Заблуждения толпы - Бернстайн Уильям Дж. - Страница 34


Изменить размер шрифта:

34

В Англии, где в 1843 году не было и 2000 миль железных дорог, к концу 1848 года насчитывалось более 5000 миль путей; Хадсон владел путями протяженностью около 1450 миль и фактически являлся монополистом на северо-востоке страны250. Планировалось дальнейшее строительство: парламент утвердил прокладку 800 миль в 1844 году, 2700 миль в 1845-м и 4500 миль в 1846 году.

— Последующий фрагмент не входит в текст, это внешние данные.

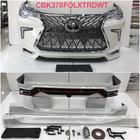 Toyota Fortuner 2015– Komplet karoserijskih dodatkov Lexus-TRD V2 (za 2015-2020) fotografija 1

Метод Хадсона (и большинства его коллег) предполагал продажу акций за небольшой первоначальный взнос с последующим полным выкупом гораздо позже. Новые акции обычно выпускались под дивиденды близко к 10 процентам годовых, несмотря на то что строительство, не говоря уже об операциях и доходах, еще не начиналось; пайщики в массе своей, привлеченные высокой доходностью, не замечали очевидного: отсутствие доходов подразумевало, что первые дивиденды должны поступать из свеженакопленного капитала (сегодня принято говорить о схеме Понци [84]), а для поздних вкладчиков и вовсе дивиденды – просто фикция. Хадсон подпитывал это безумие, делясь новостями о парламентских перспективах собственных проектов. И вишенка на торте: вплоть до последней стадии пузыря плотная северо-восточная железнодорожная сеть Хадсона препятствовала прокладке конкурирующих линий.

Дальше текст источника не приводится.